Chen-Fu Chien, Yung-Chen Tai, and Yun-Siang Lin
As key component of electronic products, the importance of printed circuit boards (PCBs) has increased with the development of technology. With the rise of new technologies, the demand and importance for PCBs is also rising. With development of electronic products towards size shrinking, combined with the demand of transmission rate and computing power, PCB manufacturing becomes sophisticated, thus requiring more effective quality control methods. The quality of PCBs will directly affect the performance and reliability of back-end products, more precise manufacturing and more effective quality control are required. Solder resist is a surface coating of PCB and is one of the important processes. Above it, some parts need to be excluded from being covered, called solder resist opening (SRO). The size of SRO is a critical quality characteristic, as PCBs become increasingly shrinking, the size of the SRO is also becoming smaller. If the manufactured SRO size is out of specification, it may cause abnormalities during subsequent soldering, resulting in product scrap and yield loss. However, quality control of SRO size is complicated. SRO is affected by multiple processes and can only be measured after the last process, so the inspection must go through a pilot production, leading to material cost for inspection. Besides, the variance of incoming material, solder resist ink, is comparatively high, thus different SRO size compensation values are required for each incoming material batch. To control the quality and confirm the compensation value setting, manufacturers need to carry out stages of pilot runs and inspections, which consumes material costs and time.

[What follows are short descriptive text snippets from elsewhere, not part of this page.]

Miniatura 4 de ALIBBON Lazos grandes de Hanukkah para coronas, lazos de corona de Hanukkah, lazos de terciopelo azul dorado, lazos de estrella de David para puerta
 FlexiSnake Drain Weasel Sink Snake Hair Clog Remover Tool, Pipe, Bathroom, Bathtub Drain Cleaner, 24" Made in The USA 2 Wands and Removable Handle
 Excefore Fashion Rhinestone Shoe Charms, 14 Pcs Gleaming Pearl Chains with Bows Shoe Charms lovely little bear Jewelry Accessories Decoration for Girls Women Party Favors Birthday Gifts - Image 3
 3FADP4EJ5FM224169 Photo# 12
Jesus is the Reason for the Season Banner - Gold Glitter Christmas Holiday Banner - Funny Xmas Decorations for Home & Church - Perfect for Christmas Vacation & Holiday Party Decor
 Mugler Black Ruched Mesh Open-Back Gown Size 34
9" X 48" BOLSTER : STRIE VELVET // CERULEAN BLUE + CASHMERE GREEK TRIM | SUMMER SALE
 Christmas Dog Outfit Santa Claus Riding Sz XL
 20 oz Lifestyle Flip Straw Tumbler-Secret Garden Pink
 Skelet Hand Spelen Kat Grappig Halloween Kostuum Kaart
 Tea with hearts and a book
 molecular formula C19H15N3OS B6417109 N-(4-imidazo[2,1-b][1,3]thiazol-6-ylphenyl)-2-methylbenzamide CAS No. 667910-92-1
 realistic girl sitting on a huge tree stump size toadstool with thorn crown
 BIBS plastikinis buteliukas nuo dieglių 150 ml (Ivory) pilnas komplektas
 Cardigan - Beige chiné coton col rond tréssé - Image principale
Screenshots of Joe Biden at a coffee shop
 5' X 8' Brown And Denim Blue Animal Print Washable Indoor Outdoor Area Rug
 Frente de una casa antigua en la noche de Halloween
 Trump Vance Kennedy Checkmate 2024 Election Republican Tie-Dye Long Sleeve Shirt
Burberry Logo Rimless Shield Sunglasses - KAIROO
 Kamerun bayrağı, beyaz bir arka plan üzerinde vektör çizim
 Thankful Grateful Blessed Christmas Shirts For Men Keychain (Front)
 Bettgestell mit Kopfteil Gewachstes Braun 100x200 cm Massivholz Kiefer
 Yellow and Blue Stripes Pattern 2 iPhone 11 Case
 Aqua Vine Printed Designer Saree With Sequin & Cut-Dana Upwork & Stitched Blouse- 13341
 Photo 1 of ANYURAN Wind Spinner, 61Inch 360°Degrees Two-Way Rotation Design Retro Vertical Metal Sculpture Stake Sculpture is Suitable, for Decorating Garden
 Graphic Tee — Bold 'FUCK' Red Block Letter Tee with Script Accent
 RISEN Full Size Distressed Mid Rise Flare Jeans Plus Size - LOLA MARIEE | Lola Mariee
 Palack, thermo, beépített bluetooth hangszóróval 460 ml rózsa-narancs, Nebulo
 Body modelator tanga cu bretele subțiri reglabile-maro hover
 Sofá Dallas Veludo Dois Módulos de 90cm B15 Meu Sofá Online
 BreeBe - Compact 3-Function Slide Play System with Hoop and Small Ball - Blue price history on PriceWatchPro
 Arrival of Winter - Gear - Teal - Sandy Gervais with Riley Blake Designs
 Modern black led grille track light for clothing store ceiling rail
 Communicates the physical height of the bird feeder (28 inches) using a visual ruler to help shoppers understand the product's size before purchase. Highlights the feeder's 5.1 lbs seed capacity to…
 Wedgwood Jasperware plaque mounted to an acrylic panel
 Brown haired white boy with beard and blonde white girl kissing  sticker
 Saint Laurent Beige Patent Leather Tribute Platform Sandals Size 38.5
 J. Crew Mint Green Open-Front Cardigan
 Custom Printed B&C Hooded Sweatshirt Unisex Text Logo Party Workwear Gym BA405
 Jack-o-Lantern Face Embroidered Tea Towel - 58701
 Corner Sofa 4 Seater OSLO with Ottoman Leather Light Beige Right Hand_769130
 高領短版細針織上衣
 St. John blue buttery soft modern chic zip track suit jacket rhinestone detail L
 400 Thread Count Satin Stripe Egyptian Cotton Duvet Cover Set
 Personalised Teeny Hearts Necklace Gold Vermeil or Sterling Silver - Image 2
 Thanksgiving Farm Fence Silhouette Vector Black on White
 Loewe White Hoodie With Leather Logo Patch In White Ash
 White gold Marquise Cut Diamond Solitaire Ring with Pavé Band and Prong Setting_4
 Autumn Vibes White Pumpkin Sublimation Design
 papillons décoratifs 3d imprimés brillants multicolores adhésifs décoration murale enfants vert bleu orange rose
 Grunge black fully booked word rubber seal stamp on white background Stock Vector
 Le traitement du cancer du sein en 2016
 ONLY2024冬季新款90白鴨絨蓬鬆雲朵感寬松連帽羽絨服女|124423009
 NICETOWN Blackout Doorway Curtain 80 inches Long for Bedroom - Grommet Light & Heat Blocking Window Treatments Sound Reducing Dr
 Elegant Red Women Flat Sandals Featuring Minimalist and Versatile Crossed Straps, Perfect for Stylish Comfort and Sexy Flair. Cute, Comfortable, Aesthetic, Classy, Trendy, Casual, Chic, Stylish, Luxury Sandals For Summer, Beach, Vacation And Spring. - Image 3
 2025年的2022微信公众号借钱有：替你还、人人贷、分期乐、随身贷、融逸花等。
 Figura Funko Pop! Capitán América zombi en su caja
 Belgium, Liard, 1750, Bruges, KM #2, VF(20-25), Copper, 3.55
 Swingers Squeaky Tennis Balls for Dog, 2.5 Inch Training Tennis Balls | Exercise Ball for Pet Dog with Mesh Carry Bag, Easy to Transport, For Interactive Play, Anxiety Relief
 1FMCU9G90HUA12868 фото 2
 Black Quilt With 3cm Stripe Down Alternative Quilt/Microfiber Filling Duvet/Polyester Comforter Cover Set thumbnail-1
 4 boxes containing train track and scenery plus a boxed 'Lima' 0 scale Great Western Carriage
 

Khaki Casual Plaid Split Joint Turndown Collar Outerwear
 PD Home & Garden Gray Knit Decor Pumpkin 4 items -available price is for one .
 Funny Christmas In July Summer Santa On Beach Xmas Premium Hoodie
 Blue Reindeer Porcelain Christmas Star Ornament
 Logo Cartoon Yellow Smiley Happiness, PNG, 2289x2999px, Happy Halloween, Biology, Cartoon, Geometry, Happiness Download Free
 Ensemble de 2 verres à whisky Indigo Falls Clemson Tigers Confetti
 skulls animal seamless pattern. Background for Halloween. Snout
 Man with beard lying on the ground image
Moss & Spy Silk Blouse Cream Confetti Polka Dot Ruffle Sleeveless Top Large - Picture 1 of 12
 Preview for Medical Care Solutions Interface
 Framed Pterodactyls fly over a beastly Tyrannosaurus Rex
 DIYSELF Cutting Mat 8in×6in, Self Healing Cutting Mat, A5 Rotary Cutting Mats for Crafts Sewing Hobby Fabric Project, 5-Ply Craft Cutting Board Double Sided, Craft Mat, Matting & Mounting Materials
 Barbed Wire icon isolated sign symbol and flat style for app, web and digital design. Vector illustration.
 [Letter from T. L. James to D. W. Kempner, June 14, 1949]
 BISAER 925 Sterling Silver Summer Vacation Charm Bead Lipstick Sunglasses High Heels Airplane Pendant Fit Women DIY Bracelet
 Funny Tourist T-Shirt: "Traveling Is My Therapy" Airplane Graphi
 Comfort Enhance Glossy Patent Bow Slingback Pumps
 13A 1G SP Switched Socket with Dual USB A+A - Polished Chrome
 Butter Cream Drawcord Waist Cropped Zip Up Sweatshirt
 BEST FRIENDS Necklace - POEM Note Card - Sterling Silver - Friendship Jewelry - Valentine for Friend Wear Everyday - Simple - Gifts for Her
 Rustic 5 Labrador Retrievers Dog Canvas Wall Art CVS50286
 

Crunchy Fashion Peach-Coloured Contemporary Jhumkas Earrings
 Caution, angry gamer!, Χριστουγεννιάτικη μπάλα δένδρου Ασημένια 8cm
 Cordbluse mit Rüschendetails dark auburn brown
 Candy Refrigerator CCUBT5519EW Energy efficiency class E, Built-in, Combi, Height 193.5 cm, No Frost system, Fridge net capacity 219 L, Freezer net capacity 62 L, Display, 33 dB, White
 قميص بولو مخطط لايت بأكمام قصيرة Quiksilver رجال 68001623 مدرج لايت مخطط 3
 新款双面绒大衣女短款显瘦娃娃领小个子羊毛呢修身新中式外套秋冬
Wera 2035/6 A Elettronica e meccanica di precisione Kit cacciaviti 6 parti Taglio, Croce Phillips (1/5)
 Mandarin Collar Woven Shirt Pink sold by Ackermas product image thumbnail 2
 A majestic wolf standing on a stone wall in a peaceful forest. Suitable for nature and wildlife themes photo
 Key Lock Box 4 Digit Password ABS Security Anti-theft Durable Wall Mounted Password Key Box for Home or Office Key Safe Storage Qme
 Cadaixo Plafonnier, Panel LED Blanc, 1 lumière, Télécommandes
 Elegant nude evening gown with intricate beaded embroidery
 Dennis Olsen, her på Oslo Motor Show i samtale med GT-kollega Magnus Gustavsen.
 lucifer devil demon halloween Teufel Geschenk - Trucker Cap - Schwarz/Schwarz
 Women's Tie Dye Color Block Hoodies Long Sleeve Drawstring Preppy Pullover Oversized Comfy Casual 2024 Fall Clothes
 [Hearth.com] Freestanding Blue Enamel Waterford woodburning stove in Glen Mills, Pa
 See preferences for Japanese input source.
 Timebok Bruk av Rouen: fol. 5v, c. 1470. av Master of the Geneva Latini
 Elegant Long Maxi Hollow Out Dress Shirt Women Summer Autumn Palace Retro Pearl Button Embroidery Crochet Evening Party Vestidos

In response to actual measurement problems, virtual metrology (VM) has been proposed to achieve in-line prediction of target quality characteristic, yet little research exists for PCB manufacturing. Little VM research has been conducted to propose VM framework for PCB manufacturing. In practical application, the uncertainty of VM model prediction and the cost of model update are faced, so the VM framework needs to be integrated with the process of batch compensation value determination based on domain knowledge. If VM is used instead of actual inspection, the pilot run material cost can be reduced and the capacity loss due to inspection can be decreased. This study develops a decision-based VM framework for SRO size, which combined feature selection, prediction model, and the decision process of compensation value determination. In addition, a confidence indicator is proposed to evaluate the reliability of predicted values, which also used as a reference for the model update mechanism to achieve a trade-off between model stability and update cost. An empirical study was conducted in a PCB manufacturing company. The result shows that the framework can help engineers to make decision on compensation values, further replace physical inspections to improve the efficiency of quality control and help PCB manufacturing industry to move towards intelligent production.